This pictorial article was originally published in the April, 1943, issue of Air News magazine, vol 4, no 4, p 58.
Photos credited to Pictorial Publishing Company.
- Curious Nazi engineers examine and test Spitfire landing gear assembly on a "torture rack" that imposes greater stresses than the roughest landing. They found the Spitfire gear very compact, sturdy.
- Wellington turrets also held interest for them. Wellington was most-used bomber over Germany before advent of heavies like the Lanc and Stirling. Guns are .303 Brownings.
- Splendid Allied plane performance has Nazi populace asking questions. Air chiefs tell them of secret weapons, but claim these are novelties. But "novel" propellers, turrets killed many a Nazi.

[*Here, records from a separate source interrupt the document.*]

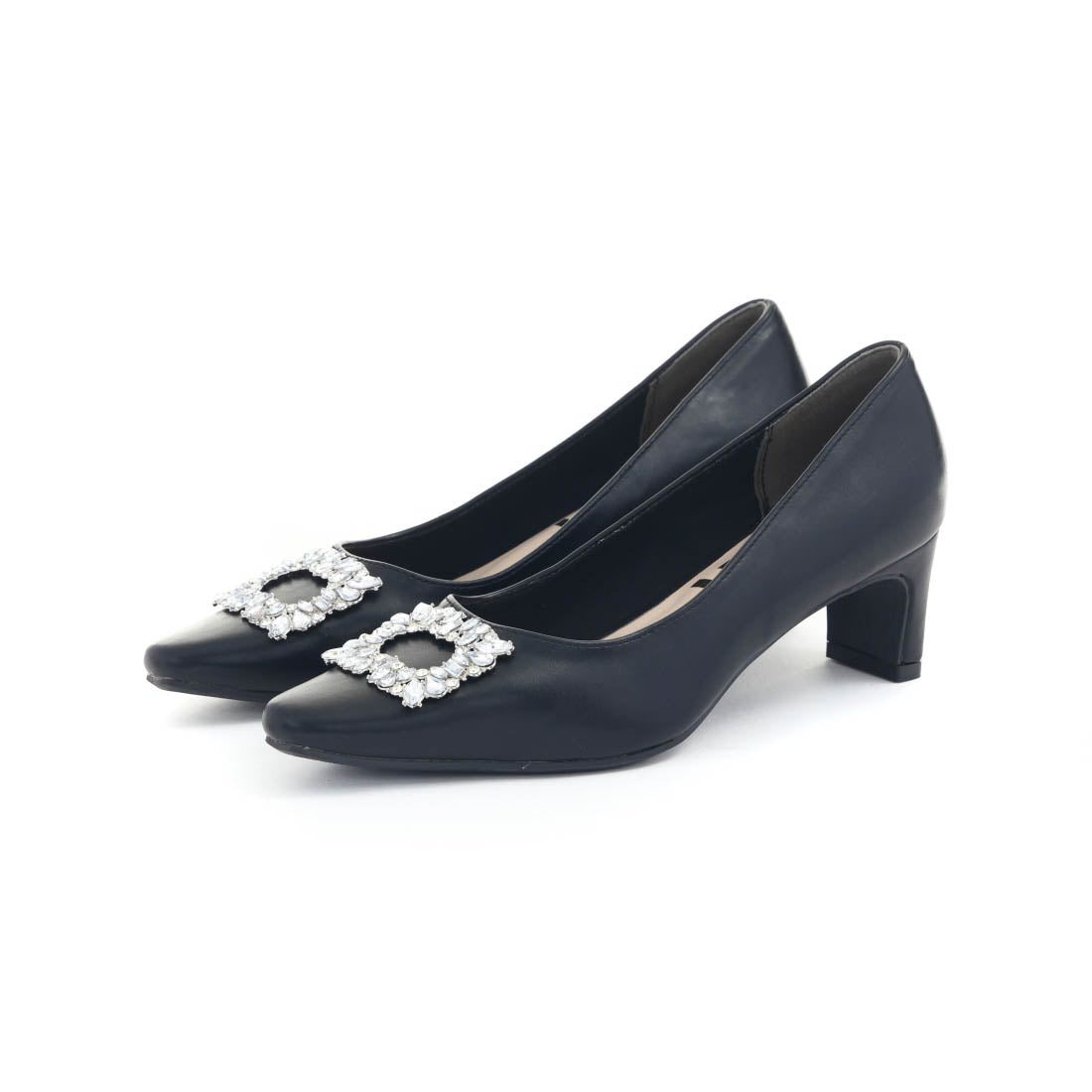 レナ Lena レディース パンプス ビジューパンプス 5cm ヒール スクエアトゥ 歩きやすい 疲れにくい 結婚式 3145 (ブラック) ブラック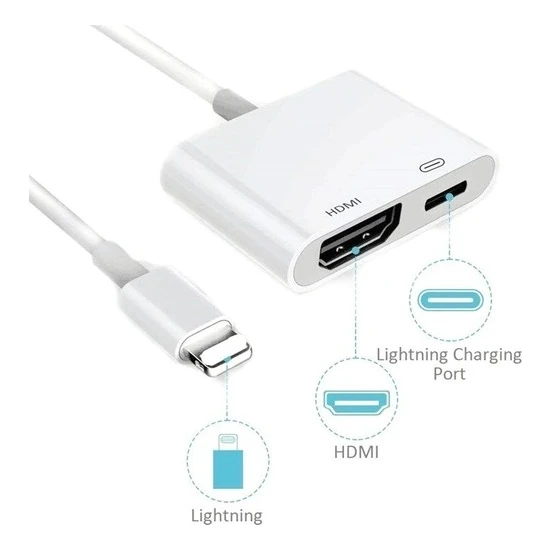 TEŞHİR DAYTONA L8-HL DAYTONA L8-HL APPLE İPHONE İPAD LİGHTNİNG TO 4K 1080P HD HDMI LİGHTNİNG OKUYUCU ÇEVİRİCİ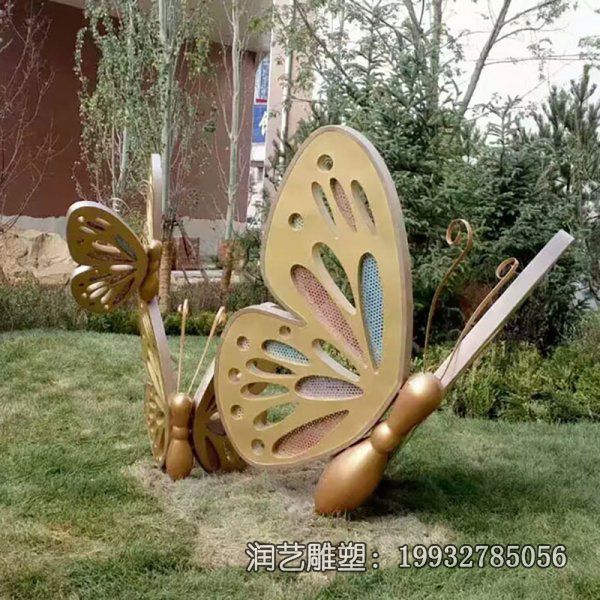 小区不锈钢蝴蝶动物雕塑 小区不锈钢蝴蝶动物雕塑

- That America's Wright Field is doing real job for Allies is evident in fact that Germany has seven research centers serving only the Luftwaffe while our single base serves all United Nations.
- Careful testing of materials, design incorporated into enemy planes frequently dictates combat tactics. Such laboratory research first revealed vulnerability of Stuka's dive brakes, Zeros lack of armor.
- Germans have world's best specialized labs but none more complete than Wright Field. Nazi prewar research led to use of Handley-Page slots, American carburetors on several German heavy bombers.